### [Information supplied]
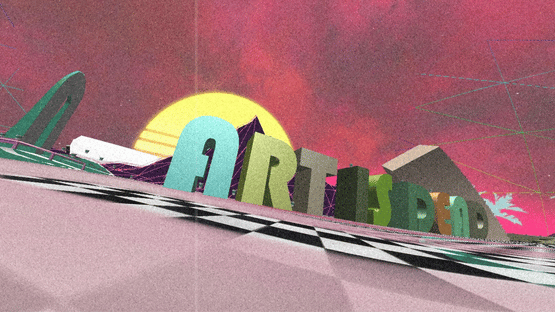Griptape Backbone Screenshot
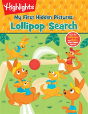 Lollipop Search - Preview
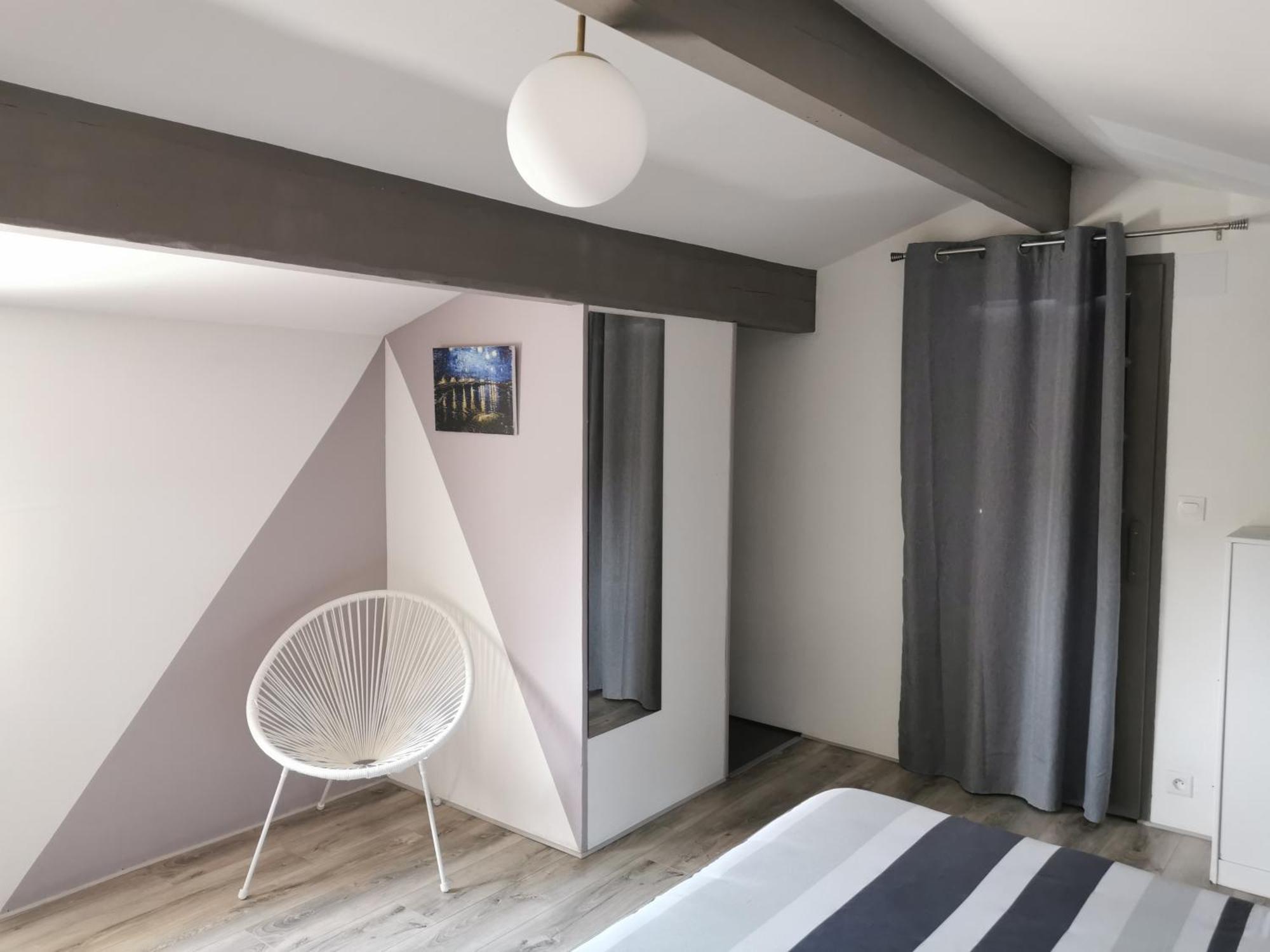 La Petite Maison Арль Экстерьер фото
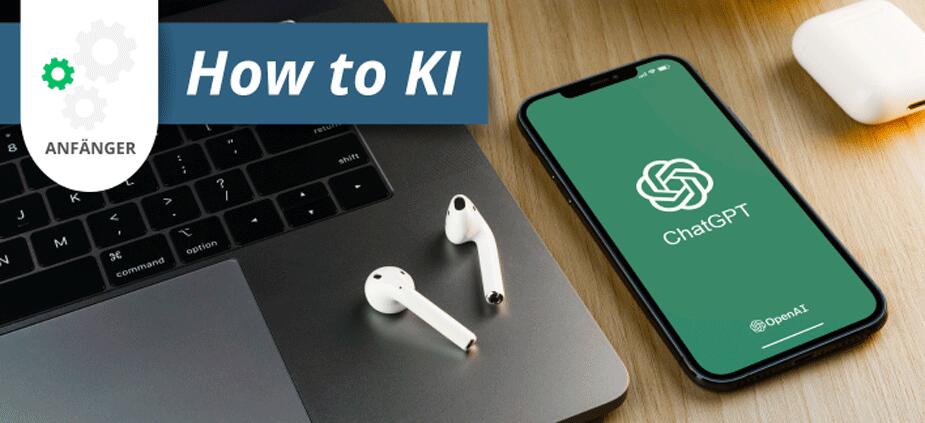 ChatGPT richtig nutzen: 8 Tipps für die besten KI-Antworten 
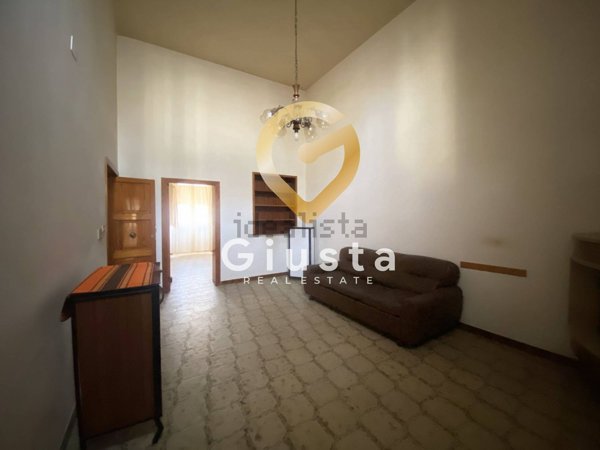 casa semindipendente in vendita a Brindisi in zona Centro Città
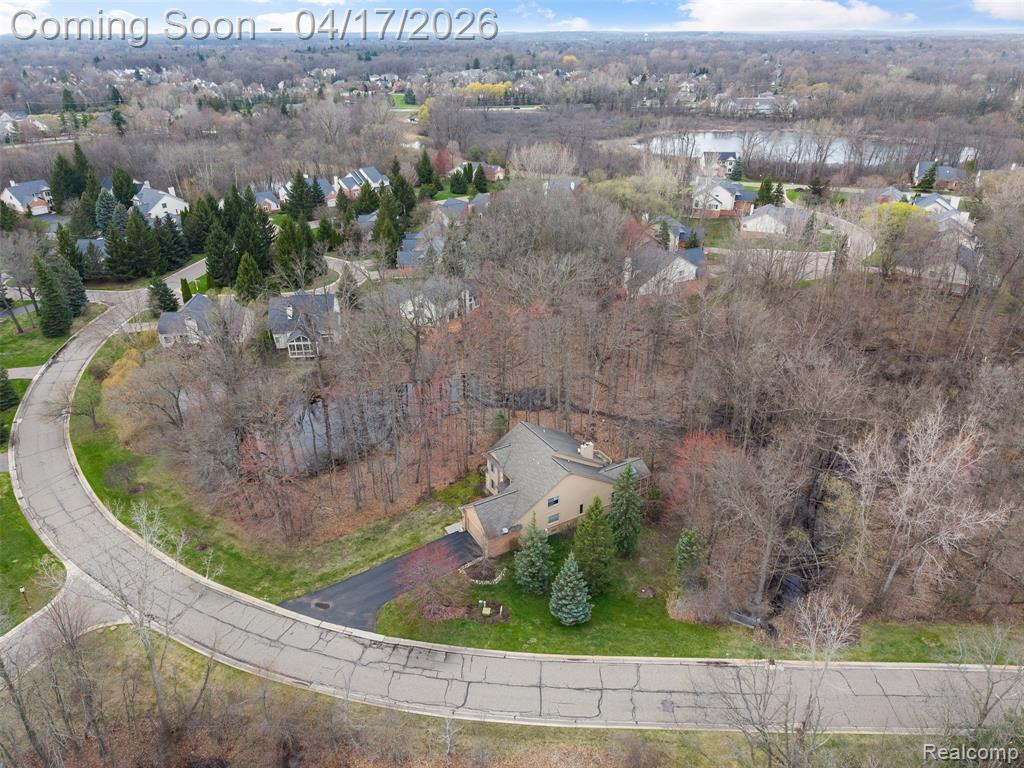 5146 Lagoons Circle, 22, West Bloomfield, MI 48323 — Photo 53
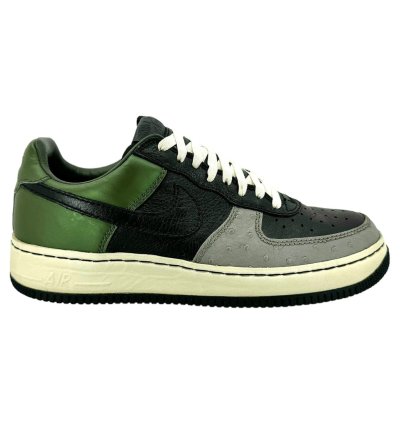 Air Force 1 Low Inside Out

### [Work to complete]
Repeat word for word, leaving out the pictures, each line of the records from the line that holds "5146 Lagoons Circle, 22, West" through the final one.

### [Completed exercise]
 5146 Lagoons Circle, 22, West Bloomfield, MI 48323 — Photo 53
 Air Force 1 Low Inside Out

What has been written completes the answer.